Business process management vs process mining vs data mining

process mining, business process management, data mining; these are not the same thing at all, though they do compliment each other.

Business process management? Data mining? Process mining? You’re hearing these three terms mentioned in a lot of meetings, and to be honest, you’re not sure they aren’t actually the same thing. Well, they’re not. Let us demystify these business ideas for you,  where they do indeed overlap, and more importantly where they definitely diverge.

process mining, business process management, data mining; these are not the same thing at all, though they do compliment each other.

Let’s start with some definitions so we’re all starting on the same page:

Business process management

“Business process management (BPM) is a discipline in operations management in which people use various methods to discover, model, analyze, measure, improve, optimize, and automate business processes.”

Data mining

“Data mining is the process of discovering patterns in large data sets involving methods at the intersection of machine learning, statistics, and database systems.”

Process mining

“Process mining is a family of techniques in the field of process management that support the analysis of business processes based on event logs.”

Don’t worry if that didn’t clear anything up, we’re coming to the clarity shortly. What these definitions do give us is a starting point. What we can see is that Process mining sits roughly in the overlap between Business process management and Data mining. It uses algorithms and other tools developed by data scientists to analyze the processes developed during a companies BPM lifecycle.

Now for that clarity.

Business process management (BPM)


BPM is the operations level view of the processes being used by any specific department in a company. The BPM lifecycle generally includes the following stages: design, modeling, execution, monitoring, optimization, and re-engineering. This is an ongoing process often managed by a dedicated business process manager and an interdisciplinary team.

BPM can be applied to the manufacturing floor, the finance department, and IT equally, as all departments use processes to make work happen. This is the framework within which these processes are created and managed.

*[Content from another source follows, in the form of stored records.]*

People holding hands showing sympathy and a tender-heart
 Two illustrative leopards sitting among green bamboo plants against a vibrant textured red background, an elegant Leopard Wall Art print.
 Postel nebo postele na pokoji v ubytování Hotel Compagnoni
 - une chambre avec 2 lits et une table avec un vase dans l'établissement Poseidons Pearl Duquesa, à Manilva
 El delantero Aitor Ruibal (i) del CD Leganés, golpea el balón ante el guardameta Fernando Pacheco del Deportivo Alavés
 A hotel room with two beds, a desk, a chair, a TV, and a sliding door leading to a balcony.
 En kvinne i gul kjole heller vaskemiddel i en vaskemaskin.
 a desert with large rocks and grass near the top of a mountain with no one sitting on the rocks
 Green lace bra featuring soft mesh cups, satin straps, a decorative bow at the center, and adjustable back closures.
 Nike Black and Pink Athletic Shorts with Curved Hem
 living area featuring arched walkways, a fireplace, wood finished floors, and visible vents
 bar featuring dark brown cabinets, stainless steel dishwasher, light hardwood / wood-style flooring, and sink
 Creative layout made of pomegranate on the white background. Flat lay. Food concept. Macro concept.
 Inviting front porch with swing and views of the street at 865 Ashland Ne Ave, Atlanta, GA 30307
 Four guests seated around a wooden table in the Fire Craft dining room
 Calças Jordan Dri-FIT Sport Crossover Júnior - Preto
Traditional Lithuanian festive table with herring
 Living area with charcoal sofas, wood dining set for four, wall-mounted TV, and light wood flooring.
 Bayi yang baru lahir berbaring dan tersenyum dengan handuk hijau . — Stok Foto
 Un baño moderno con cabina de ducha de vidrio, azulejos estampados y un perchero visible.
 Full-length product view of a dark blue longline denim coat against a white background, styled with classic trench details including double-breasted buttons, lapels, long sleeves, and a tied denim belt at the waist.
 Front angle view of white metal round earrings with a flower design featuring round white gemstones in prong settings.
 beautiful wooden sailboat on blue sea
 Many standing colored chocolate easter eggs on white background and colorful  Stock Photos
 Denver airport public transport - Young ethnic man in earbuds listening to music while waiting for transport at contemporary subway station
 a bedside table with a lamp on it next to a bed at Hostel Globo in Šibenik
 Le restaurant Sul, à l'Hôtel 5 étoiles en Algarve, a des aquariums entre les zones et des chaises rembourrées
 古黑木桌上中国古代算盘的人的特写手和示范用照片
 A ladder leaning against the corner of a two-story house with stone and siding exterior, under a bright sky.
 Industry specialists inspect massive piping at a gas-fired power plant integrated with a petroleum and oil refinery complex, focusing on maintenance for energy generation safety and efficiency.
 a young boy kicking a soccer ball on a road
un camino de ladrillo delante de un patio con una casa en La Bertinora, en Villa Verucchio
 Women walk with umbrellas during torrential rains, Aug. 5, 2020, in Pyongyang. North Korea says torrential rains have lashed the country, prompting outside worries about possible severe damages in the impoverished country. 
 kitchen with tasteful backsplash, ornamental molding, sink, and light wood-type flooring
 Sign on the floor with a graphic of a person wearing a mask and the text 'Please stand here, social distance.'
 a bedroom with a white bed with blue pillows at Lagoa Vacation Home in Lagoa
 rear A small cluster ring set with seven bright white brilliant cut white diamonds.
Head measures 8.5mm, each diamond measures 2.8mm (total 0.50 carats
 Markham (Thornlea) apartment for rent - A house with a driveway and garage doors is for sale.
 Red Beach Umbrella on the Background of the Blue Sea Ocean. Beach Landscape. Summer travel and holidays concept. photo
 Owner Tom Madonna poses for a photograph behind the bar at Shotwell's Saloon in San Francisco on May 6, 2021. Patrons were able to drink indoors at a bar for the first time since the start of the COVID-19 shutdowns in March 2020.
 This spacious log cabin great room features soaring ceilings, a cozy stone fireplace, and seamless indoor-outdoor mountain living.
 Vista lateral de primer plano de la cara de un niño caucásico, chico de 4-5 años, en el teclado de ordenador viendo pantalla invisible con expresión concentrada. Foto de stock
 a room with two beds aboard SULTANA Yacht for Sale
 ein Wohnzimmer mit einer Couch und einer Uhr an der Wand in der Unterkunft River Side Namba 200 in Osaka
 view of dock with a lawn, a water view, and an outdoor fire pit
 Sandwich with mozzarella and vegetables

Historically, these stages were managed manually, with even the analysis consisting of employee interviews and models being drawn up using modeling software. We’ll see later how process mining can make the BPM lifecycle much more efficient and effective by taking the routine work off of your team’s hands, allowing them to to the higher level modeling and re-engineering work.

Data mining


Data mining is the science of sifting through massive quantities of raw data, and turning it into useable information that can be readily understood, and acted upon, by the masses. There is both an art and a science involved.

Data mining sits at a junction of its own, between statistics and computer science. Data scientists use algorithms to sift and sort through massive amounts of raw data in order to make sense of what the data is saying, then transforms it into actionable information for marketing and sales teams, software designers, and nearly every other department of most companies.

When companies like Facebook and Google have anonymous data relating to internet users browsing habits, it’s the data mining teams who take that data and tell the ads team where to target ads for hair care products vs home improvement products.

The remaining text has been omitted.